A Well, I had taken the position by this point that I could not back down from the organization. I thought that I was being terrorized. And I made the conscious decision along with my wife to take a stand.

I felt, particularly regarding Tonja, that –

I had a great deal of responsibility in the Tonja matter.

Tonja was a young girl on board the ship. She had been for a period of time my junior when we were working in the LRH External Calm Unit at Dunedin.


I have been her guardian along with my first wife. We had been appointed sort of a quasi-legal guardian of some sort, and I felt that she had gone through a very, very rough experience and she deserved my support and my help at that point, and I wanted to do whatever I could to rectify the wrongs which I perceived that the organization was involved in and which I had helped over my 11 or 12 years inside.

Q Now, at that point in time, were you being followed during the sumer of 1982?

THE COURT: Well, did you believe you were being followed?


Q BY MR. FLYNN: And when you made this decision to not back down from the organization, were you contacted by various people in the media during the summer of 1982?

A The initial contact was, I guess, in the end of May, beginning of June, and that was the producer from "20/20," and I agreed at that point to be interviewed on "20/20." And I also made the conscious choice, along with my wife, to assume a high profile and to be willing to be interviewed and to be willing to speak out and say what I perceived was the truth of the matter simply because I felt that there was a higher degree of protection in doing that, and that the facts needed to come out, the other side of the story needed to be told, and that I had an obligation after all that had gone on, so that was the choice.

Thereafter, the press — there was no further


contact for a while, and then I was contacted almost on a daily basis throughout several months after the case got started.

Q When you say a "higher degree of protection," do you mean protection to yourself?

A Myself and my wife.

Q And what did you feel with regard to having a high profile, as you put it, in connection with protecting yourself?

A Well, the information about the organization was — a lot of it was contained in my mind, a lot of it was contained in the documents, and I felt that the — I would alleviate to a degree the threat that I might do something by doing it, and also that by being known, by being willing to speak out and by being recognized, if anything did happen or rather the organization would be more reluctant to do anything of a very serious nature because I was known to the press and because I was a known individual at that point.

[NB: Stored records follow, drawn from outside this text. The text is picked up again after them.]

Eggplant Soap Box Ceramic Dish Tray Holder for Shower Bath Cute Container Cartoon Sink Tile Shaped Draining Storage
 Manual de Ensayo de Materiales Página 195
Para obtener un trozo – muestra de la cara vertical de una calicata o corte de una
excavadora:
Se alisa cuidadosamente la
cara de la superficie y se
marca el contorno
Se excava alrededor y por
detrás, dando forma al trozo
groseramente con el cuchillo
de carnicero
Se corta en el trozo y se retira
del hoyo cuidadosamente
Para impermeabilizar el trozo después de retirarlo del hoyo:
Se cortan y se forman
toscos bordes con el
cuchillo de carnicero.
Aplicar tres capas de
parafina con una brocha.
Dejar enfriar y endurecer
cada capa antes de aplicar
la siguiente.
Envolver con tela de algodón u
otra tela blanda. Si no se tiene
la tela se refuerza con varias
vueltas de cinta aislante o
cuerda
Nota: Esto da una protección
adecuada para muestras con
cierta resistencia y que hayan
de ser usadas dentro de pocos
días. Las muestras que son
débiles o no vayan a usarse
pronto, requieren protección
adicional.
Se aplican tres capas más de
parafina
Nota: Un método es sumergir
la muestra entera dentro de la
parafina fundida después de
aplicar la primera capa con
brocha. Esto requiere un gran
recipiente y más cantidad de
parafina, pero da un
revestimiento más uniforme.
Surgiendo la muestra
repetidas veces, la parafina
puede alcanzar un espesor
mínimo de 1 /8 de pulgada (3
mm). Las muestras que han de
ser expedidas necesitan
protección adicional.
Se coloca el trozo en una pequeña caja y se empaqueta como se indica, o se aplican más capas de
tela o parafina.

Q Now, at that point in time, how many people had you known that had actually been physically locked up by the organization?

A I knew of probably several dozen. I don’t know that I could name all of those people, but I knew that it was a regular pattern of conduct, so there is a great number throughout all that time.

Q And in November 1981, did you know that Bill Franks, the supposedly highest ranking official in the world of the Church of Scientology, had been physically locked up


in Gilman Hot springs?

MR. LITT: Objection; leading. Assumes facts not in evidence.

THE COURT: Well, I will sustain the latter objection.

Q BY MR. FLYNN: What if anything did you know about Bill Franks in November, December 1981 being physically restrained at Gilman Hot Springs?

A I was out at Gilman Hot Springs during that period and I was told that by two people, actually one was Harvey Haber, and one was a guard on the property.

Q And did you know what Bill Franks’ position was at that time?

A Well, the last position I knew he was holding before the lockup was the executive director international.

Q What was your understanding as to at least on paper the rank that that position held in the Church of

A That he was the top official.

Q And did you know at that time the circumstances — was that shortly before you left the organization,
Mr. Armstrong?

A Yes.

Q Now, in your years of research had you come across various deaths that had occurred that you felt were unexplained inside the Church of Scientology?

MR. LITT: Your Honor, this is unbelievable.

THE COURT: Is that an objection?

MR. LITT: Yes, it is an objection.


At this point are we going to allow as relevant evidence in this case any evidence or things that Mr. Armstrong ever heard about any unexplained death in 13 years that he knows nothing about, that he has no personal knowledge of as part of scene vague state of mind?

MR. FLYNN: I will restrict it a little more.

THE COURT: All right.

Q BY MR. FLYNN: Mr. Armstrong, at this point in time, in November 1981, up until the summer of 1982, what was your state of mind with regard to your fear that the organization would kill you?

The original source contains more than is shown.